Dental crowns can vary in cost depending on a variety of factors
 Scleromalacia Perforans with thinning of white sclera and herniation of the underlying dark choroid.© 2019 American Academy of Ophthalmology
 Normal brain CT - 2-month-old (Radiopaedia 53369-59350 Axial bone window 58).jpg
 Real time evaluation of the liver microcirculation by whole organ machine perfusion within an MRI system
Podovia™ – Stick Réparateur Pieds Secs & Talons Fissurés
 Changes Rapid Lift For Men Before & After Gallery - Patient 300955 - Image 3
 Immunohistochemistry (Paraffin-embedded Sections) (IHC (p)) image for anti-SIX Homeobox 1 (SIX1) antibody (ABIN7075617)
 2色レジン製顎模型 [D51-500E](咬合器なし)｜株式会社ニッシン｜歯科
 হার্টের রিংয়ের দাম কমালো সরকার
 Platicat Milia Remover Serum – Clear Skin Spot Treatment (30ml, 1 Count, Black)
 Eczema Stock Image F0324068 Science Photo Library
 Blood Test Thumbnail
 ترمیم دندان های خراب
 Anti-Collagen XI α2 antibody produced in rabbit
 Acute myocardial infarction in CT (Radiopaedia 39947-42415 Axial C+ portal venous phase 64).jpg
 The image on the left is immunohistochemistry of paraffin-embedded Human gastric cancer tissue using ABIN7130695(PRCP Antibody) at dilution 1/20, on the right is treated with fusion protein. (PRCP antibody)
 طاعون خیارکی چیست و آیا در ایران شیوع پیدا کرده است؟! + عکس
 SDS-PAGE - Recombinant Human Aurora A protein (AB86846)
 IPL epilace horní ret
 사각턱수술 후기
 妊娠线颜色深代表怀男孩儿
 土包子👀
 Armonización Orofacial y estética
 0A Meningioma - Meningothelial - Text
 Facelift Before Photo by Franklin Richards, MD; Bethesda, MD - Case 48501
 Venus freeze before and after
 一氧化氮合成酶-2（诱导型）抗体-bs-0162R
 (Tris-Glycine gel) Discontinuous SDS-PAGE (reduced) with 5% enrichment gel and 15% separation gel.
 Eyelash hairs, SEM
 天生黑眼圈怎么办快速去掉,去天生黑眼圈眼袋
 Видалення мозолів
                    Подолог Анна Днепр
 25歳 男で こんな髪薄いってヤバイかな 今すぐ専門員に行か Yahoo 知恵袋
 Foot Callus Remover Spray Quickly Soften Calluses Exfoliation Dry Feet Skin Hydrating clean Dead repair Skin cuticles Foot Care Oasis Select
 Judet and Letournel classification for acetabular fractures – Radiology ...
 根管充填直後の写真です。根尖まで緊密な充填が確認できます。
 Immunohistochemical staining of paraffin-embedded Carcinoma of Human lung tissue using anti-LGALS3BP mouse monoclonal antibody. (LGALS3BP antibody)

▶ _ACTIVITY_:
Copy the stretch of the records above that runs from the line with "Immunohistochemistry (Paraffin-embedded Sections)" through the line with "হার্টের রিংয়ের দাম কমালো সরকার". Both end lines belong in the copy, and nothing else does.

▶ _SOLUTION FOR THIS PROBLEM_:
 Immunohistochemistry (Paraffin-embedded Sections) (IHC (p)) image for anti-SIX Homeobox 1 (SIX1) antibody (ABIN7075617)
 2色レジン製顎模型 [D51-500E](咬合器なし)｜株式会社ニッシン｜歯科
 হার্টের রিংয়ের দাম কমালো সরকার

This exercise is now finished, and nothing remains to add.